Soft drink manufacturer

The Double Cola Company is a manufacturer of soft drinks based in Chattanooga, Tennessee, United States.

Their primary product, Double-Cola, is predominantly distributed east of the Mississippi River in the US. It is also available in select international markets.

==History==

The Good Grape Company was founded in 1922 by former Chero-Cola employees Charles D. Little and Joe S. Foster in Huntsville, Alabama, primarily to market the product Good Grape. The company moved to Chattanooga that same year. With Little's creation of Marvel Cola in 1924, Good Grape Company changed its name to Seminole Flavor Company.
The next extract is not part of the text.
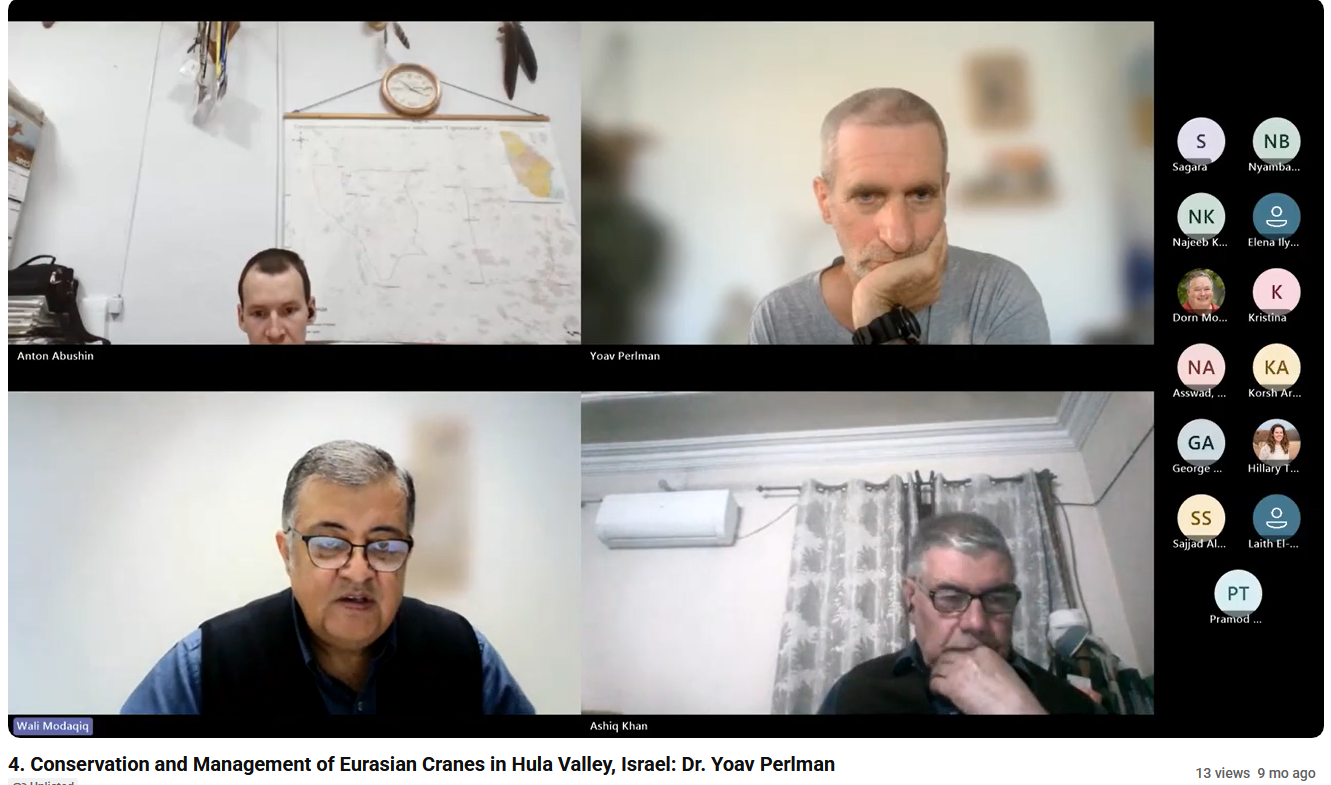  4. Conservation and Management of Eurasian Cranes in Hula Valley, Israel: Dr. Yoav Perlman 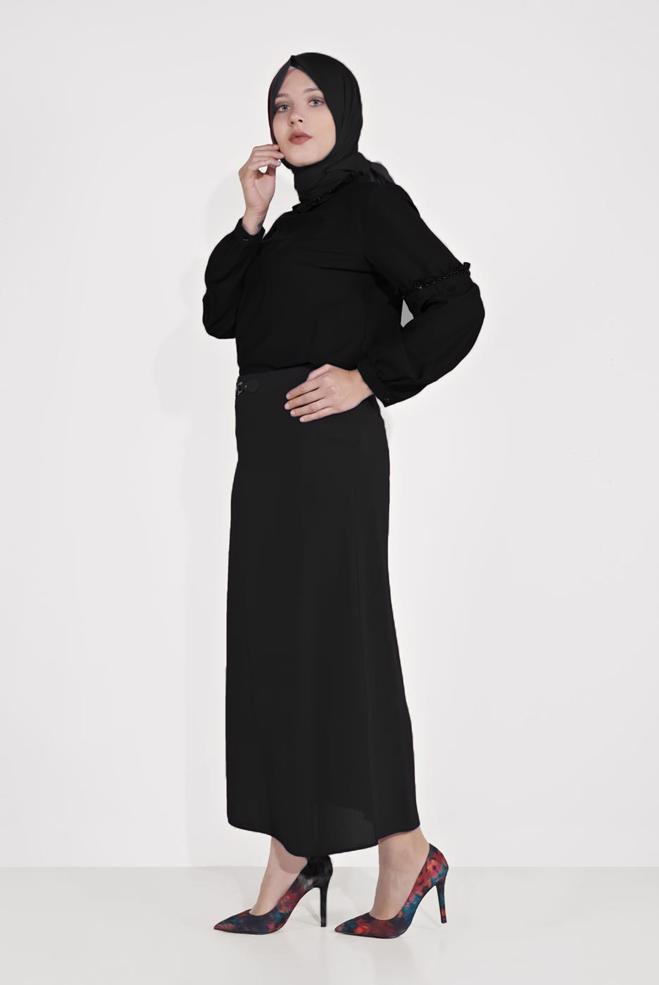 Hijab clothing BLACK EMBELLISHED SKIRT 60084 - ALVİNA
Marvel Cola was reformulated and renamed Jumbo Cola. The Double-Cola product was developed in 1933 and soon became the company's flagship product. The product was named Double-Cola because its 12-ounce (350 ml) bottles were twice the size of other soda bottles being sold at the time. It was soon followed by flavored Double-Orange, Double-Lemon, and Double-Grape and "Double-Dry" ginger ale.

During World War II's sugar rationing, Seminole continued bottling Double-Cola in the larger bottles, which hurt production. PepsiCo was in the same position, and Little had a chance to buy them and refused as he preferred just going forward with the cola Seminole had. Pepsi escaped bankruptcy and moved ahead of Seminole. In 1953 Seminole changed its name to The Double Cola Company as it is today though for a period known as the Double-Cola Co. USA.

In 1956, the company developed Ski, a soda pop comparable to Sun Drop. Ski is a citrus soda made with real orange and real lemon juice. The drink received its name when company asked employees to submit a name for their new product. Inspired by a weekend-long ski trip on Chickamauga Lake, then-employee Dot Myers submitted the names "Ski" and "Skee" into the contest. Management liked the name and it's been Ski ever since.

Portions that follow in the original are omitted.